-- WHAT IS NEEDED --
Copy all of the data below exactly as it is given.

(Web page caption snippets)
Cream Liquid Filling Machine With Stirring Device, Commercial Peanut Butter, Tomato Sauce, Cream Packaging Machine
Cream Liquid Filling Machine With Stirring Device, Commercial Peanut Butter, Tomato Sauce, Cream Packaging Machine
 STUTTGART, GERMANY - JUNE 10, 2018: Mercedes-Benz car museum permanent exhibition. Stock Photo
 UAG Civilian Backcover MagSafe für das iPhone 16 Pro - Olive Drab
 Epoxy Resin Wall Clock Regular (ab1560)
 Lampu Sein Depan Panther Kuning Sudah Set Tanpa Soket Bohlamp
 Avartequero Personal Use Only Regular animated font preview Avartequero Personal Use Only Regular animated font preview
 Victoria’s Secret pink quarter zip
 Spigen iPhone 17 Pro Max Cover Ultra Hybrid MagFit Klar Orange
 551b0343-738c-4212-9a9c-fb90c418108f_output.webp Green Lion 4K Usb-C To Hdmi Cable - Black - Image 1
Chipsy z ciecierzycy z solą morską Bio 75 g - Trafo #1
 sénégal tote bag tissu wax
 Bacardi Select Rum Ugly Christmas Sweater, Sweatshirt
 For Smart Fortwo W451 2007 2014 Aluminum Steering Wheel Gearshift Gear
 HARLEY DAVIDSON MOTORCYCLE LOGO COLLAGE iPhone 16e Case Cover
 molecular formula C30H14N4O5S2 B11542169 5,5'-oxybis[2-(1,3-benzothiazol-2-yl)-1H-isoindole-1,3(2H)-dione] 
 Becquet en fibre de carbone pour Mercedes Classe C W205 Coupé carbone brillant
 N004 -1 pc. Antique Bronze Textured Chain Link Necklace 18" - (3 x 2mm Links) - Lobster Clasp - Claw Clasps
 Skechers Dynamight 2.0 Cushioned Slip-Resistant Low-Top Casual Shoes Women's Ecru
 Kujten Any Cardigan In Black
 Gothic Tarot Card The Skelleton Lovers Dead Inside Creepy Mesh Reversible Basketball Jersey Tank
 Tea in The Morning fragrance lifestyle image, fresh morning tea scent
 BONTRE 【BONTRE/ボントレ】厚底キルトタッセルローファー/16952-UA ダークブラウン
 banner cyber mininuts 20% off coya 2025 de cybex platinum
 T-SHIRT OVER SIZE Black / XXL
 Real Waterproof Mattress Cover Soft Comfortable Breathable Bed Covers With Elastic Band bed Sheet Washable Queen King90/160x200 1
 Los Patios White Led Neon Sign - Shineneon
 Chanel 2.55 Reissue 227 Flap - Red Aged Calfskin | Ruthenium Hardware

-- REPLY TO THE TASK --
Cream Liquid Filling Machine With Stirring Device, Commercial Peanut Butter, Tomato Sauce, Cream Packaging Machine
Cream Liquid Filling Machine With Stirring Device, Commercial Peanut Butter, Tomato Sauce, Cream Packaging Machine
 STUTTGART, GERMANY - JUNE 10, 2018: Mercedes-Benz car museum permanent exhibition. Stock Photo
 UAG Civilian Backcover MagSafe für das iPhone 16 Pro - Olive Drab
 Epoxy Resin Wall Clock Regular (ab1560)
 Lampu Sein Depan Panther Kuning Sudah Set Tanpa Soket Bohlamp
 Avartequero Personal Use Only Regular animated font preview Avartequero Personal Use Only Regular animated font preview
 Victoria’s Secret pink quarter zip
 Spigen iPhone 17 Pro Max Cover Ultra Hybrid MagFit Klar Orange
 551b0343-738c-4212-9a9c-fb90c418108f_output.webp Green Lion 4K Usb-C To Hdmi Cable - Black - Image 1
Chipsy z ciecierzycy z solą morską Bio 75 g - Trafo #1
 sénégal tote bag tissu wax
 Bacardi Select Rum Ugly Christmas Sweater, Sweatshirt
 For Smart Fortwo W451 2007 2014 Aluminum Steering Wheel Gearshift Gear
 HARLEY DAVIDSON MOTORCYCLE LOGO COLLAGE iPhone 16e Case Cover
 molecular formula C30H14N4O5S2 B11542169 5,5'-oxybis[2-(1,3-benzothiazol-2-yl)-1H-isoindole-1,3(2H)-dione] 
 Becquet en fibre de carbone pour Mercedes Classe C W205 Coupé carbone brillant
 N004 -1 pc. Antique Bronze Textured Chain Link Necklace 18" - (3 x 2mm Links) - Lobster Clasp - Claw Clasps
 Skechers Dynamight 2.0 Cushioned Slip-Resistant Low-Top Casual Shoes Women's Ecru
 Kujten Any Cardigan In Black
 Gothic Tarot Card The Skelleton Lovers Dead Inside Creepy Mesh Reversible Basketball Jersey Tank
 Tea in The Morning fragrance lifestyle image, fresh morning tea scent
 BONTRE 【BONTRE/ボントレ】厚底キルトタッセルローファー/16952-UA ダークブラウン
 banner cyber mininuts 20% off coya 2025 de cybex platinum
 T-SHIRT OVER SIZE Black / XXL
 Real Waterproof Mattress Cover Soft Comfortable Breathable Bed Covers With Elastic Band bed Sheet Washable Queen King90/160x200 1
 Los Patios White Led Neon Sign - Shineneon
 Chanel 2.55 Reissue 227 Flap - Red Aged Calfskin | Ruthenium Hardware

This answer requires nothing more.